André Cicolella ist Chemiker, Toxikologe und Gründer des Réseau Environnement Santé (RES) (Netzwerk Umwelt und Gesundheit). Er war eine treibende Kraft beim Verbot von Bisphenol A (BPA) in Frankreich und hat zahlreiche Fachbücher veröffentlicht.

Ein weiteres Forschungsergebnis: Die Konzentration der Spermien in der Samenflüssigkeit hat in den letzten vierzig Jahren um die Hälfte abgenommen. Diese Information stammt aus einer Meta-Studie, in der Forscher 185 Einzelstudien auswerteten. Sie erschien in der Fachzeitschrift Human Reproduction Update. Zu einer ähnlichen Feststellung gelangt der französische Forscher André Cicolella in seinem Buch Toxique planète („Giftiger Planet“), auf der Basis einer Studie der französischen Gesundheitsbehörden vom Februar 2012. Er wertete die Daten von 26.609 Männern aus, die zwischen 1989 und 2005 in Frankreich medizinischen Beistand bei der Fortpflanzung gesucht haben.

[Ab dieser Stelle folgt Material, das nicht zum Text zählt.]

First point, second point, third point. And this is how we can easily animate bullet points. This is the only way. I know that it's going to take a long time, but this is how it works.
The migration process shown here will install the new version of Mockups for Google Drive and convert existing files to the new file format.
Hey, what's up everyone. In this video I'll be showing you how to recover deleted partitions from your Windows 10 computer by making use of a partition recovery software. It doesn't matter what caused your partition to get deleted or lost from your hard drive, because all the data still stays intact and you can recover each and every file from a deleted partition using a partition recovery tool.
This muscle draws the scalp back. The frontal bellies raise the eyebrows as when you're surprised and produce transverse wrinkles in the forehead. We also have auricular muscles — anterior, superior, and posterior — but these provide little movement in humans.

Fazit: Bei den 35-jährigen Männern ist die Gesamtzahl der Spermien um 32 Prozent gesunken, die der missgebildeten dagegen gestiegen. „Wenn sich diese Entwicklung im gleichen Tempo fortsetzt, sind wir 2040 bei null angelangt“, stellt André Cicolella fest. Er versteht das zunächst als Warnung, die Tendenz muss sich nicht zwangsläufig fortsetzen. Klar ist jedoch bereits jetzt: Die Unfruchtbarkeit wächst.

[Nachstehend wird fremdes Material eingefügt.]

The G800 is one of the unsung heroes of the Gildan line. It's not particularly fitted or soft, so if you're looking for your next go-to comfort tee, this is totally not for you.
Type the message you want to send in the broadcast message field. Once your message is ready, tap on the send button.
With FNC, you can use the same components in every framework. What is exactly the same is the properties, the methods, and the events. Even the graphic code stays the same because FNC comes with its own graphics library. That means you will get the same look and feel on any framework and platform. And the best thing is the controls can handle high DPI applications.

Wie viele seiner Kollegen führt Cicolella das vor allem auf die sogenannten „endokrinen Störfaktoren“ zurück. Allgegenwärtige Pestizide, Kosmetika und Plastik sondern Teilchen ab, die wir tagtäglich aufnehmen, durch Berührung, beim Essen und beim Atmen. Ein Beispiel: Bisphenol A, bis 2015 in allen Nahrungsmittelverpackungen in Frankreich enthalten. Cicolella hat den erfolgreichen Kampf für ein Verbot in der Nahrungsmittelindustrie in Frankreich angeführt - In Brillen oder CDs ist es aber bis heute zu finden, in Deutschland ist sogar nur in Babyflaschen verboten. Es gehört zu den Substanzen, die das übliche Verhalten von Hormonen wie Testosteron oder Östrogen verändern.

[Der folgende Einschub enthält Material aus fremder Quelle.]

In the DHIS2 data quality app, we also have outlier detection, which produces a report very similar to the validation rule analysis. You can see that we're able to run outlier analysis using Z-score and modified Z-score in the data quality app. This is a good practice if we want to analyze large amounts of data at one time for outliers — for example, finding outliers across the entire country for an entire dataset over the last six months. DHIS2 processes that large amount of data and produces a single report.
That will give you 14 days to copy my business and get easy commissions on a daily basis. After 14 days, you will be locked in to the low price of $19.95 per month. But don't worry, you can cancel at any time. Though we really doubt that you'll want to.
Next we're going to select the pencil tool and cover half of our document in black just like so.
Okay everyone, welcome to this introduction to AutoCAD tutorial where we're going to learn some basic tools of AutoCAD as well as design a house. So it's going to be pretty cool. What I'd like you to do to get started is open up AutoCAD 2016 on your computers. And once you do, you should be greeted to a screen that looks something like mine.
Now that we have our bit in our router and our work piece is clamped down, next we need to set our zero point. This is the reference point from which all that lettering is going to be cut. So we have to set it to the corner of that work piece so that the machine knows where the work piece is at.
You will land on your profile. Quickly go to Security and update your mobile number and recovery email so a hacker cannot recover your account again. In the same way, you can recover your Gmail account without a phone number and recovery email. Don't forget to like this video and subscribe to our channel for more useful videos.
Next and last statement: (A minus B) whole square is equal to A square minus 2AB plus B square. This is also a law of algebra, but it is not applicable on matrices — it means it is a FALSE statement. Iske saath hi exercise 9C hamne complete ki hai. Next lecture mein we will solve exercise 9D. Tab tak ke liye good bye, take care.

Dadurch stören sie physiologische Prozesse wie das Wachstum des Fötus, das Stillen oder die Fortpflanzung. Ihre exakten Auswirkungen sind noch nicht klar abzuschätzen. Es ist jedoch erwiesen, dass sie die Fortpflanzung erschweren, indem sie Störungen wie vorzeitige Pubertät, genitale Missbildungen, Endometriose, das Polyzystische Ovar-Syndrom oder Brustkrebs fördern.